I imagine it stops looking for the matching parentheses when it gets to the else
statement, as an else
when part of an if/else
cannot be inside parentheses. Obviously the exception to this is the ternary operator.
Bizarrely, it only seems to fail the first time it encounters this issue. Any subsequent code with the same pattern seems to be matched fine. So in the following example, the second brackets get matched without an issue:
(1 if x
else 0)
(1 if x
else 0)
Hopefully someone more familiar with the source code can shed some light on this!
(While I wrote the following, Lewis Ball posted some of the same conclusions.)
I verified the failure with 3.8.5 and current master.
I reduced the failing example to a minimum of 7 chars on 2 lines. ( else)
1a. Deleting '\n' or any letter of 'else' fixes the problem. 1b. Adding 'else' before '(' fixes the problem. 1a is true for the initial 'else' on line 4 of the original example. 1b is true for 'else' on a new line before the first.
2c. Replacing 'else' with 'elif', 'while', 'def', or 'class' makes no difference. This include the addition for 1b above. Replacing 'else' with 'if', 'for', or 'with' fixes the bug.
Bingo!!! Matching uses idlelib.hyperparser, which uses idlelib.pyparse, which has regex _synchre, which finds "what looks like the start of a popular statement". It matches 'elif', etcetera, but not 'if', etcetera. I noticed previously that these 'popular' line beginners were missing and have planned to add them.* But we need to make matched words not disable fence matching.
2d. In the original and minimal examples, moving the offending 'else' to the end of the previous line fixes the problem. So I believe that 'else' at the beginning of the line is seen marking the beginning of the statememt, and matching does not look back further. If 'else' and 'yield' were left in _synchre and 'if' and 'for' were added back, the matcher would have to determine whether the line is a continuation or not. (And I believe that not having 'if' and 'for' degrades the use of pyparse at least for other uses.)
2e. The minimal failing example works in the shell. Why are _synchre keywords not poisonous here? Is it just because the current statement is known to begin just after the '>>> ' prompt, so that else beginning the second line is somehow not seen as beginning a new statement? We need to check if and how fence matching in shell is different other than the presence of the marker where code input begins.
Alexey: in (https://github.com/python/cpython/issues/65955#issuecomment-1093657458) I claimed that there is no issue with typing closers or ^0 on the same line just before the closer. Thank you for reporting this counter-example. I imagine that you are not the first IDLE user to write a conditional expression on 2 or more lines with else at the beginning of a line. Such expressions always need a closer.

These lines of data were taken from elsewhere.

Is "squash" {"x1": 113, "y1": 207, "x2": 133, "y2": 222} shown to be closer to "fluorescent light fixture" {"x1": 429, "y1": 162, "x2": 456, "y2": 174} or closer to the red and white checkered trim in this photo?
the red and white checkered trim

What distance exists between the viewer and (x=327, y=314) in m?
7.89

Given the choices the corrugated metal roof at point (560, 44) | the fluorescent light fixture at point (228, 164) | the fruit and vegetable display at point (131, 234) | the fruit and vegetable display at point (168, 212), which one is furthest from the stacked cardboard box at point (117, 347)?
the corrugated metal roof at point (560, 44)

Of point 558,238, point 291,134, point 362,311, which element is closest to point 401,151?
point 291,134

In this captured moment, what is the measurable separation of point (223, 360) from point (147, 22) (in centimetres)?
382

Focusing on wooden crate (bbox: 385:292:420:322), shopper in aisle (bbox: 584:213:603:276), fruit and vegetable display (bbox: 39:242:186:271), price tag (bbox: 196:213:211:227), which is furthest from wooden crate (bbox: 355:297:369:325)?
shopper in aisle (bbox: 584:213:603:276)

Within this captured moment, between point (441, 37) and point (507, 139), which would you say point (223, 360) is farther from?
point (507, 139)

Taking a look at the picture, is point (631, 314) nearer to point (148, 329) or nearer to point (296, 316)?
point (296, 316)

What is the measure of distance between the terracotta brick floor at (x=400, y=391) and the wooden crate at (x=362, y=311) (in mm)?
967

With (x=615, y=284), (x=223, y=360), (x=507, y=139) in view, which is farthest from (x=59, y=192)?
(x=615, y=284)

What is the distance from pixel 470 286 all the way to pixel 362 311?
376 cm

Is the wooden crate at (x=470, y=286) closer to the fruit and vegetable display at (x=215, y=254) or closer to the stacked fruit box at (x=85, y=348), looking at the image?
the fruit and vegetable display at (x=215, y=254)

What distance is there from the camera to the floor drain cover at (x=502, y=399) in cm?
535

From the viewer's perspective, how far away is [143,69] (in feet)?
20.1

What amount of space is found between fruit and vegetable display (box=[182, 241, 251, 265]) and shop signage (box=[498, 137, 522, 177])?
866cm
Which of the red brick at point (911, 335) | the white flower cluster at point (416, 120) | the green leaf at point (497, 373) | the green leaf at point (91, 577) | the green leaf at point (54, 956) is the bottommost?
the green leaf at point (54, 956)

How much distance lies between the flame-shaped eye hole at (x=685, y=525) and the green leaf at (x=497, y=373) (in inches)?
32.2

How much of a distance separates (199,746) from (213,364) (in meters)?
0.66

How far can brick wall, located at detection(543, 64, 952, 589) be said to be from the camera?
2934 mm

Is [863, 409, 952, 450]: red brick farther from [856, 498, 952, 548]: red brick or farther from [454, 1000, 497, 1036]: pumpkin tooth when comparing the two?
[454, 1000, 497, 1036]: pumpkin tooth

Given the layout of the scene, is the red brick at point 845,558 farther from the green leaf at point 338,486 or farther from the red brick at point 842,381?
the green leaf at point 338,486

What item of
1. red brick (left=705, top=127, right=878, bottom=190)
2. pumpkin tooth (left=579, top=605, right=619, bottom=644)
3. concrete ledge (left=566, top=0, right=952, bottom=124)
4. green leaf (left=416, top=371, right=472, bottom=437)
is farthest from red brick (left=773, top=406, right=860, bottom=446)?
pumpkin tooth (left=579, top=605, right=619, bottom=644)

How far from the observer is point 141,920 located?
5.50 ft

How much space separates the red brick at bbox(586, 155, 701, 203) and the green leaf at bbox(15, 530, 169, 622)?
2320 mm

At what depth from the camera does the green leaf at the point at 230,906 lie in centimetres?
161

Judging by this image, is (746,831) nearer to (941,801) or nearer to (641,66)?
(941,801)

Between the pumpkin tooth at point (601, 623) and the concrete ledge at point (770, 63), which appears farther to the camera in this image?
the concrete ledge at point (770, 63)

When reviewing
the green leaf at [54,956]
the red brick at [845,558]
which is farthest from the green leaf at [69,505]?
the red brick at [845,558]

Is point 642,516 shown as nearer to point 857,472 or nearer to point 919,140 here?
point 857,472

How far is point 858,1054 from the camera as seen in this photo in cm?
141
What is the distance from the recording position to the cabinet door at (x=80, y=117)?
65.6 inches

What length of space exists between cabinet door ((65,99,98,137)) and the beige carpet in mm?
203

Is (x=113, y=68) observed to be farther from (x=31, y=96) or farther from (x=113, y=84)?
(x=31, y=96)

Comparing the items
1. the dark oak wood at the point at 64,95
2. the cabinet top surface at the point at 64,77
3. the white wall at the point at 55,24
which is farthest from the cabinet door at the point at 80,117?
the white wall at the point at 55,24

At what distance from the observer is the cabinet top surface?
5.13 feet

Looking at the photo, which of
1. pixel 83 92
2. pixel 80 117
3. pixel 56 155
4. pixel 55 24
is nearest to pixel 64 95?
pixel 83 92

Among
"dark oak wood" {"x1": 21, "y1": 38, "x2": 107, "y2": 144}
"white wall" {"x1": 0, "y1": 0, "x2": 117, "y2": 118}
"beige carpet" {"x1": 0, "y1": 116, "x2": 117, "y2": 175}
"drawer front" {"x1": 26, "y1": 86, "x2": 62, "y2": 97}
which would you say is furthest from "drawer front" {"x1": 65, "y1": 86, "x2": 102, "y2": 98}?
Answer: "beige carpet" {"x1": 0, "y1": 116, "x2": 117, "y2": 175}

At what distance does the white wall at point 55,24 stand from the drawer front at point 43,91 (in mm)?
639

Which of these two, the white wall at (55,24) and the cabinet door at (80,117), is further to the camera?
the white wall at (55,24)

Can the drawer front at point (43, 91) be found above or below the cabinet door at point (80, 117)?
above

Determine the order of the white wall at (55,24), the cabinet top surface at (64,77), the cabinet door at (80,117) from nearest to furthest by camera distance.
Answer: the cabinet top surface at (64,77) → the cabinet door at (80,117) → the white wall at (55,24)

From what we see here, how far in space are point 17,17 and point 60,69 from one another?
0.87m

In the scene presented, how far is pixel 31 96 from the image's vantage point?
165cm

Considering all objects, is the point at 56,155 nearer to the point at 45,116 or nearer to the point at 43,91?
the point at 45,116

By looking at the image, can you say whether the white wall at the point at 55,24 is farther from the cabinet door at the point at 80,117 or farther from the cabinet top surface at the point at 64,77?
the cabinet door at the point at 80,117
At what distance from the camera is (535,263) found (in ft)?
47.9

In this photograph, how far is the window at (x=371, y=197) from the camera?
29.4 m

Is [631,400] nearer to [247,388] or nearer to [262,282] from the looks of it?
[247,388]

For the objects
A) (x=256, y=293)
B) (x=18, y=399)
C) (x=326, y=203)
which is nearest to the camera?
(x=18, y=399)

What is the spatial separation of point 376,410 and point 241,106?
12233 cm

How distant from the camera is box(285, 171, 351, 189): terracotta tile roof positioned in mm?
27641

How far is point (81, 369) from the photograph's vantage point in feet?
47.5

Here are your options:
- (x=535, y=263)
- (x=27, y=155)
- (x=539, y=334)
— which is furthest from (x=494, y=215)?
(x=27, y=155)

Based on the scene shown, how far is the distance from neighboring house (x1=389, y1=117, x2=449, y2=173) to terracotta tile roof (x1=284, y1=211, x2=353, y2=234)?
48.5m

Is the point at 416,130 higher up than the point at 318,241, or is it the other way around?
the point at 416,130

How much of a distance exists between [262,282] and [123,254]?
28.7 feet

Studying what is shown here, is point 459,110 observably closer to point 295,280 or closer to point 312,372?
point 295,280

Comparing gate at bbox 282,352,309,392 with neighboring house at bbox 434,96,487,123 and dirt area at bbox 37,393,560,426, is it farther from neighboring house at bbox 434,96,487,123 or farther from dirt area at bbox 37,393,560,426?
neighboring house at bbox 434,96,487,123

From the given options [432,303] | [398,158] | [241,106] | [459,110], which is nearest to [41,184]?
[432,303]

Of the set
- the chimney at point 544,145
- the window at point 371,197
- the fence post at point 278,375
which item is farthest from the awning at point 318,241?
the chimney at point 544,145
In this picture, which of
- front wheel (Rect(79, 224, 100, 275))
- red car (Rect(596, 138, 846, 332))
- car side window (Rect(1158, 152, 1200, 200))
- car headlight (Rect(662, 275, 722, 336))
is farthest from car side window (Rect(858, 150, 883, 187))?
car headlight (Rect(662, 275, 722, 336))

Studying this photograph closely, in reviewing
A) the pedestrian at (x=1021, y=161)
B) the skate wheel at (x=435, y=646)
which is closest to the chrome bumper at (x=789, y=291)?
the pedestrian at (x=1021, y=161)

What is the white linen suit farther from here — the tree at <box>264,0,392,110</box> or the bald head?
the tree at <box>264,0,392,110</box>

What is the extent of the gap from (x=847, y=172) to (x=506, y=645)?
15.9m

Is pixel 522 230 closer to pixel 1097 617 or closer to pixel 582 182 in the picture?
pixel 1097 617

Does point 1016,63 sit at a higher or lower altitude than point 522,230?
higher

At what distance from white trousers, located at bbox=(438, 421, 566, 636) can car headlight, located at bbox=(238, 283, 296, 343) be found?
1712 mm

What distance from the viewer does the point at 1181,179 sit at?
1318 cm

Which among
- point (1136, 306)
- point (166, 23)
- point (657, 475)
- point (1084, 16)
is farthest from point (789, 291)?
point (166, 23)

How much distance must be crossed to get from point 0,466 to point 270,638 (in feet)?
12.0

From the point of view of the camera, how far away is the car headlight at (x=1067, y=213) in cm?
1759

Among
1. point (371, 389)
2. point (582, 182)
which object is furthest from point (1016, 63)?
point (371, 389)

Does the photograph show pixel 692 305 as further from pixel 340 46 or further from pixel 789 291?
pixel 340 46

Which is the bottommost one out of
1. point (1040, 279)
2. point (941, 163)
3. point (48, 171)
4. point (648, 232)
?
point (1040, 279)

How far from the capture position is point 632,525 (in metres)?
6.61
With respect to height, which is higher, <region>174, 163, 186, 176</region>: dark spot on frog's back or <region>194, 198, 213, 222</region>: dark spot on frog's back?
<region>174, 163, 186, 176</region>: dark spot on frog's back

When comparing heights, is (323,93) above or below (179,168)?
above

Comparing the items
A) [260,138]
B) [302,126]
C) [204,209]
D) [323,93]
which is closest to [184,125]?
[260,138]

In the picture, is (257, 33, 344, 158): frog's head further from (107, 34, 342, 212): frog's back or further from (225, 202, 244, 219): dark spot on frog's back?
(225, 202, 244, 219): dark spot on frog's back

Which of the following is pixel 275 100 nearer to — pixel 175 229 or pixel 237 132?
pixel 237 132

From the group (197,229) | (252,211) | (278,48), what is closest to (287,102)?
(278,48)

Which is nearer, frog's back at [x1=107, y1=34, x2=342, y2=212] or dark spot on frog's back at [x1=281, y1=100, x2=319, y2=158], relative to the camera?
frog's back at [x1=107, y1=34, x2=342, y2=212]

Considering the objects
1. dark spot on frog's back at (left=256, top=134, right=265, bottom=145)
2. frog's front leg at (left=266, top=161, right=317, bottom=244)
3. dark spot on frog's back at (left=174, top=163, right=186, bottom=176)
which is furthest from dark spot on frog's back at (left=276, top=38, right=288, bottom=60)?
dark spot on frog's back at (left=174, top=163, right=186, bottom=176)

Without rereading hyperparser and pyparse, I don't understand why a previous _synchre match prevents subsequent failures. It does suggest that when matching parentheses, a fix would be to temporarily prepend 'else\n' to the text, or otherwise simulating the effect of that.
But the previous 'else' might only work before the 'current' statement. And we should determine whether any other uses of these modules have related bugs. Also, removing 'else' from the _synchre regex did not fix the issue, so there is something else I am missing.
Lewis, removing you was an accident. Your post is correct.
So it looks like pyparse.Parser.find_good_parse_start
is responsible for truncating the code to only look for the matching bracket in the current statement, which uses _synchre.
Testing it out, it sometimes will go to the most recent match of _synchre, but will sometimes go back to an even earlier match in the code, which is why something like
else
(
else)
manages to match without an issue. The find_good_parse_start
will truncate at the first else
in this case, instead at the second one.
Removing else
from the _synchre regex did solve this problem for me though, as find_good_parse_start
will then try to truncate even earlier when looking for the start of the statement, which will be before the opener. Although, I haven't checked what else would be affected by this change. I am not sure why this worked for me and did not work for you Terry.
Also, even with this fix it seems like 'find_good_parse_start` goes back further than it needs to. Fixing that may not change much, but would offer a slight performance increase.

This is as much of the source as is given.